The SOAR (Security Orchestration, Automation, and Response) is a way for your security analysts to integrate the management of workflows in a unified platform. It blends perfectly as the security analytics and intelligence layer that a Cybersecurity Mesh Architecture needs.
Integrating multiple security tools remains a necessity. Other companies are starting to provide CSMA-like approaches in unified solutions. However, as we said in a former article, these monolithic solutions can be attractive thanks to their unified ecosystem.
However, you’re first locking yourself in this ecosystem, leaving interoperability at the doorstep. Also, consolidating best-of-breed solutions in a single entity is rare, if not nonexistent. Combined with the lack of interoperability, you’re exposing your company to unfillable holes in its defenses and laborious and precarious ad hoc integrations.
As you begin to build the supportive layers of your cybersecurity mesh architecture, you’ll realize that the tool to enable interoperability between your distributed security solutions will be critical to the security mesh.
An API-driven, standardizer technology and extensible analytics platform is the best technology to fit in because the one thing your cybersecurity mesh architecture needs is orchestration and automation.

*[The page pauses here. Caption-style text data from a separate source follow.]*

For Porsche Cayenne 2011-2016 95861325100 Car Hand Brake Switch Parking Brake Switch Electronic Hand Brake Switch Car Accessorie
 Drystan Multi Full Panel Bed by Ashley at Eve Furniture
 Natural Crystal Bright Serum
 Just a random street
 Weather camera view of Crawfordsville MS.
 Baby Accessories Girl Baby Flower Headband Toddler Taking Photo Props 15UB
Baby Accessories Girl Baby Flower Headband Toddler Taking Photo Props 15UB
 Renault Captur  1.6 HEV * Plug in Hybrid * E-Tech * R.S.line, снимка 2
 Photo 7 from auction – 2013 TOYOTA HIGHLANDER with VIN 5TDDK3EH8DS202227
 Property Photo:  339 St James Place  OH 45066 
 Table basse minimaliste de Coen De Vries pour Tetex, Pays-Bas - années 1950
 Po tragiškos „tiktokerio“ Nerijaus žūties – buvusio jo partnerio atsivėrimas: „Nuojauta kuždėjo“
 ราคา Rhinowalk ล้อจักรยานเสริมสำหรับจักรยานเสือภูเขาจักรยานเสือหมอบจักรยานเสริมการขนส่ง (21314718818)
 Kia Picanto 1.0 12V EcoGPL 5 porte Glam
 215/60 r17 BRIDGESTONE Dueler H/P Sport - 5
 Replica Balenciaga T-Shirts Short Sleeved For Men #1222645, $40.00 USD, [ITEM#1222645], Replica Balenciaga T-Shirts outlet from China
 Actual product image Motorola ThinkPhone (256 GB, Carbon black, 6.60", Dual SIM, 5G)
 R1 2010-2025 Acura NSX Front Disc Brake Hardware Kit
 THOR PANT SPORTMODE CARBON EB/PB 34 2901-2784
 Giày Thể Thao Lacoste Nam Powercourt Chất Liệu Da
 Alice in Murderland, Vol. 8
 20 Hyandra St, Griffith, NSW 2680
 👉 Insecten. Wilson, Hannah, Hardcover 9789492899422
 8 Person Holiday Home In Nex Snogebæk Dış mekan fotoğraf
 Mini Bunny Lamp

Orchestration to break silos and enable semantical awareness between your technologies by standardizing communications. Automation to allow real-time sharing between all tools and flexible and scalable postures.
The SOAR, a precise tool developed to fulfill the needs for orchestration and automation, is the answer here.
The SOAR as an orchestrator finds its way in a Zero Trust architecture. It also finds its place in this strategy.
More, agnostic SOARs, like Mindflow, are, at the core, developed to answer these exact needs. They rely on continued integrations to the best-of-breed technologies in the market, no matter the vendors. They’re enabling full composability and flexibility of your architecture.
These SOAR should be the pillars of this Cybersecurity Mesh Architecture new paradigm.